*** Opening of Data shown ***
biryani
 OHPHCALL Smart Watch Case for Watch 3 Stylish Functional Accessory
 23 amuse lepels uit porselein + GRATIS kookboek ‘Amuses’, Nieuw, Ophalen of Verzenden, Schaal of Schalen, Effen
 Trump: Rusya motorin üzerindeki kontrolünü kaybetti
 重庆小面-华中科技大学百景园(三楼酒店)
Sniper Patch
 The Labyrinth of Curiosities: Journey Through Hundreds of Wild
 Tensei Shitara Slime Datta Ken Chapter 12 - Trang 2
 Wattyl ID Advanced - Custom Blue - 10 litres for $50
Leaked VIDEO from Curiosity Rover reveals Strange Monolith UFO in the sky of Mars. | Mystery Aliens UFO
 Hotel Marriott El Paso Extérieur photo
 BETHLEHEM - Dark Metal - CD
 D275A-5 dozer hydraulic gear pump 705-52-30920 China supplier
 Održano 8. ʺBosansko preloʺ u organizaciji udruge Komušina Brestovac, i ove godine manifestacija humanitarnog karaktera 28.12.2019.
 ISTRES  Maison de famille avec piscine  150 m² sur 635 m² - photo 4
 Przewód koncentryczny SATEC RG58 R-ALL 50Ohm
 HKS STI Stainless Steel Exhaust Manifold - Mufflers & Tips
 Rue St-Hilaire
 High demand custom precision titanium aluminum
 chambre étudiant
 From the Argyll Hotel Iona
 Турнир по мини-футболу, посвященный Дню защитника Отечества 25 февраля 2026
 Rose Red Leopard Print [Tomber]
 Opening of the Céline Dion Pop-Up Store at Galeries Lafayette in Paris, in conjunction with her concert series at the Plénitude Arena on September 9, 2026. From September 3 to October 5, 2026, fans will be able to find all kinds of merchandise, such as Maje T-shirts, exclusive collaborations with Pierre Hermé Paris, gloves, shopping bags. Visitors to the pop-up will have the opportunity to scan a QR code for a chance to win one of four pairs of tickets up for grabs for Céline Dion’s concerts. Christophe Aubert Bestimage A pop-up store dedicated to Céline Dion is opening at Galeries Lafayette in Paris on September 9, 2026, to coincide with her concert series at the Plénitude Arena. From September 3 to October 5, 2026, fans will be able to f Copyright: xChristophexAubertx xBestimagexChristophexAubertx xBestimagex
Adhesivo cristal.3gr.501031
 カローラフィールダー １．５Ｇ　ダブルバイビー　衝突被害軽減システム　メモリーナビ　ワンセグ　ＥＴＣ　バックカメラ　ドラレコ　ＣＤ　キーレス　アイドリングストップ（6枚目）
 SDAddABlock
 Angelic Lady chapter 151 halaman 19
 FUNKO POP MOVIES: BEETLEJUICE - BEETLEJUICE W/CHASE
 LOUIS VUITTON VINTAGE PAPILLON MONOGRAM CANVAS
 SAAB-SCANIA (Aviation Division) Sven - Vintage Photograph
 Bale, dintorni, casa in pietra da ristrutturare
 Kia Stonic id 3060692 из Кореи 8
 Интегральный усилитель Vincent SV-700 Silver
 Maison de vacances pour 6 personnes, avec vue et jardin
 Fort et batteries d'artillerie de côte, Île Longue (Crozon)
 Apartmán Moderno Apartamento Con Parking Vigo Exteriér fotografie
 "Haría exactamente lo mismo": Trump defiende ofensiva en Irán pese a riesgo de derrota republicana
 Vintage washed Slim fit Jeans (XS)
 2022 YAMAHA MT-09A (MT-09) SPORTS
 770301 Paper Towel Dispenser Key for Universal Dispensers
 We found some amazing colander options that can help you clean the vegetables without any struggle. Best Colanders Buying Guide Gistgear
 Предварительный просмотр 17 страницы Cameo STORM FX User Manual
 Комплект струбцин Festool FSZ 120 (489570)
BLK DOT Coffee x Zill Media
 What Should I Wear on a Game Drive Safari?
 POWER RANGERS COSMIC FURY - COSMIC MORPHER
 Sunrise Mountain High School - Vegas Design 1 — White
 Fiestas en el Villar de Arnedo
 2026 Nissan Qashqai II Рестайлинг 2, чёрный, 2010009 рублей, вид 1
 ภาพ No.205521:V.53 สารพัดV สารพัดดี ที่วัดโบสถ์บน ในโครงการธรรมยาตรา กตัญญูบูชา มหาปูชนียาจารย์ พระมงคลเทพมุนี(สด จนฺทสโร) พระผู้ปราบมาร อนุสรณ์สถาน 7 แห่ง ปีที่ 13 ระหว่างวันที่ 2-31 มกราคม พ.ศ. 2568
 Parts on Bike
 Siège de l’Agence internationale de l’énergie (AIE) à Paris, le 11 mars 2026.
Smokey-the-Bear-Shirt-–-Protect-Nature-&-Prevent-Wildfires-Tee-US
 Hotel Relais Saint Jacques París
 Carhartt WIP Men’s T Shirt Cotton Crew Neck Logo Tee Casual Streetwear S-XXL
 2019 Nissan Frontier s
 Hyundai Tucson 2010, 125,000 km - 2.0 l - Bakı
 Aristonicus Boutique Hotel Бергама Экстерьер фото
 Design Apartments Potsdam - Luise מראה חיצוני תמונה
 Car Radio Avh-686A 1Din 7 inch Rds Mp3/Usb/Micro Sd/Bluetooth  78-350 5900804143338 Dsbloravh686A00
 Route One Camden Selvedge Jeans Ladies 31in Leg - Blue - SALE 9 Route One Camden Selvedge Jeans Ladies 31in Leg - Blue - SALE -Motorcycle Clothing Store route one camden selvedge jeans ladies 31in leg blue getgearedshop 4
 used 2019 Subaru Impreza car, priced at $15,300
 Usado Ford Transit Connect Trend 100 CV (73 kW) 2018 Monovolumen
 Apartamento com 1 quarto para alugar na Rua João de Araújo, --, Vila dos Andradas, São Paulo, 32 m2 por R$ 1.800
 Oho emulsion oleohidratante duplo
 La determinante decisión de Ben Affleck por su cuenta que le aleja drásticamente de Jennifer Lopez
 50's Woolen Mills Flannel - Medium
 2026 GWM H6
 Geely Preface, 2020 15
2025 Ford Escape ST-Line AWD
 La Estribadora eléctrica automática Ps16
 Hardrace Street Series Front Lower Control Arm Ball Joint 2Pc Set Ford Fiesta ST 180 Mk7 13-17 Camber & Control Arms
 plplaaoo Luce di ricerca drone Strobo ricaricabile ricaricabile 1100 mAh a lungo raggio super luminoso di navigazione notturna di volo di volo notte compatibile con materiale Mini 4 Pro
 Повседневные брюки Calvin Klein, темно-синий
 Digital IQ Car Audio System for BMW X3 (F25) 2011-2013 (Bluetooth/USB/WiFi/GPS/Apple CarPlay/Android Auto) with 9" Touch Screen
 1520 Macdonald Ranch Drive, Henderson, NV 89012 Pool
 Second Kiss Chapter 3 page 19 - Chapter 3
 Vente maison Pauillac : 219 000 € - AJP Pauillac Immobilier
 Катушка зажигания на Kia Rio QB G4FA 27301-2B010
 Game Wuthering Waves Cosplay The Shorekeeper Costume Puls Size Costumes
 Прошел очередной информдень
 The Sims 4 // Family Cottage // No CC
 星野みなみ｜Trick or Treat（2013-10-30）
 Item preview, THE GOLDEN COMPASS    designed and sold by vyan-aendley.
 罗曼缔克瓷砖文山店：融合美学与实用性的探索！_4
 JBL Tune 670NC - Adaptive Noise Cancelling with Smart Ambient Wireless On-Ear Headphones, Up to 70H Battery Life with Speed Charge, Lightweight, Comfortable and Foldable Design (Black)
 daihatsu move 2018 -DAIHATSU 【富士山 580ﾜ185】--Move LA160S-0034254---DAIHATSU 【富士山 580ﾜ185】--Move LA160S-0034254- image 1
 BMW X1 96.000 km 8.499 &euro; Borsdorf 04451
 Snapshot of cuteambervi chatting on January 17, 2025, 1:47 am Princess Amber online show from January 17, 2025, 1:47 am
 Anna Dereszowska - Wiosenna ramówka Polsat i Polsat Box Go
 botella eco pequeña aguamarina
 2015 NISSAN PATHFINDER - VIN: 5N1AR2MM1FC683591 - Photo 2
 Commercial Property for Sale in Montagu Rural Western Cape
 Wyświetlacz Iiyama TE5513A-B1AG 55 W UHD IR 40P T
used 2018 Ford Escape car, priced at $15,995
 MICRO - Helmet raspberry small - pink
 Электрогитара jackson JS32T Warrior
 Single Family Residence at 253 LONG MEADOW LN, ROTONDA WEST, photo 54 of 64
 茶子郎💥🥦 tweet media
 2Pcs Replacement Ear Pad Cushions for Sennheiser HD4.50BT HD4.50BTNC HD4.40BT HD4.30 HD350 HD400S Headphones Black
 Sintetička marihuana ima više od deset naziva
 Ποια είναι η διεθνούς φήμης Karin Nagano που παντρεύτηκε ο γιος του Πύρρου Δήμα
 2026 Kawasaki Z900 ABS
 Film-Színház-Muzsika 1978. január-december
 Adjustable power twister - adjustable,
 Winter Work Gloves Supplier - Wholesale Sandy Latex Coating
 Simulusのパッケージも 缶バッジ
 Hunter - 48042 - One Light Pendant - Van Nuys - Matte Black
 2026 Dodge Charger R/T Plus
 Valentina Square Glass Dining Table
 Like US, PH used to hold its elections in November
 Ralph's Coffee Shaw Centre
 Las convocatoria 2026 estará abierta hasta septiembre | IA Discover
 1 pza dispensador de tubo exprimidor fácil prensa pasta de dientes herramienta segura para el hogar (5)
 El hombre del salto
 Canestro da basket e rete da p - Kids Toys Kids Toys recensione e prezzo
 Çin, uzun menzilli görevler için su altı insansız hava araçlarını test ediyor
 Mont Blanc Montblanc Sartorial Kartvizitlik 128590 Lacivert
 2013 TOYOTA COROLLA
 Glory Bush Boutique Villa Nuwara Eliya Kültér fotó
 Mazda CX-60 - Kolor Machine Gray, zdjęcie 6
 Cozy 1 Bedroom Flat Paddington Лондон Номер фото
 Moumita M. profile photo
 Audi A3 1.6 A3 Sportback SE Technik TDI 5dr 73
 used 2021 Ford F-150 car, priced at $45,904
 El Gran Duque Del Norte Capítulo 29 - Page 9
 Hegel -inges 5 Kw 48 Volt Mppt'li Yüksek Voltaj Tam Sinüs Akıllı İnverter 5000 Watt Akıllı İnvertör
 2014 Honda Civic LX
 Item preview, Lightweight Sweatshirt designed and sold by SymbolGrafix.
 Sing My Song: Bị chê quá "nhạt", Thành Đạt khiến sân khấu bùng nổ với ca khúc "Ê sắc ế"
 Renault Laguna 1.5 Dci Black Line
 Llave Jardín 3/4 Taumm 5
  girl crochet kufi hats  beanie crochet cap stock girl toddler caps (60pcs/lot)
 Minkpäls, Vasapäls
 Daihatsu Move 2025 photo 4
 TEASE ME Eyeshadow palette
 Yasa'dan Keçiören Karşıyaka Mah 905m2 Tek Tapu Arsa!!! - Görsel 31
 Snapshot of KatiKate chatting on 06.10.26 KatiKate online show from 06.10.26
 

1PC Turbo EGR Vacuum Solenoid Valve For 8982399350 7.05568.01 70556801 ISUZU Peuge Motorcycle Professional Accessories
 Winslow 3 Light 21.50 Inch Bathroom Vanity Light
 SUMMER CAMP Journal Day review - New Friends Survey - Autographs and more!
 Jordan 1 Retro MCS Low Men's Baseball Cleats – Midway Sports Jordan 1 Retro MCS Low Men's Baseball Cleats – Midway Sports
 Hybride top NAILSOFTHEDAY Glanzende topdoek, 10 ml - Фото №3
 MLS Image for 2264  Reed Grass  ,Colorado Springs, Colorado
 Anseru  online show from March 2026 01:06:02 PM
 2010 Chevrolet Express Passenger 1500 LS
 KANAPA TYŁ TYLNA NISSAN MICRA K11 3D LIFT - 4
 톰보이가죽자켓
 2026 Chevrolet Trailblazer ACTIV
*** Close of Data shown ***
◆ Task: Reproduce the material above exactly, beginning at its first line and ending with the line that holds "The Labyrinth of". Include nothing else.

◆ Response to this exercise:
biryani
 OHPHCALL Smart Watch Case for Watch 3 Stylish Functional Accessory
 23 amuse lepels uit porselein + GRATIS kookboek ‘Amuses’, Nieuw, Ophalen of Verzenden, Schaal of Schalen, Effen
 Trump: Rusya motorin üzerindeki kontrolünü kaybetti
 重庆小面-华中科技大学百景园(三楼酒店)
Sniper Patch
 The Labyrinth of Curiosities: Journey Through Hundreds of Wild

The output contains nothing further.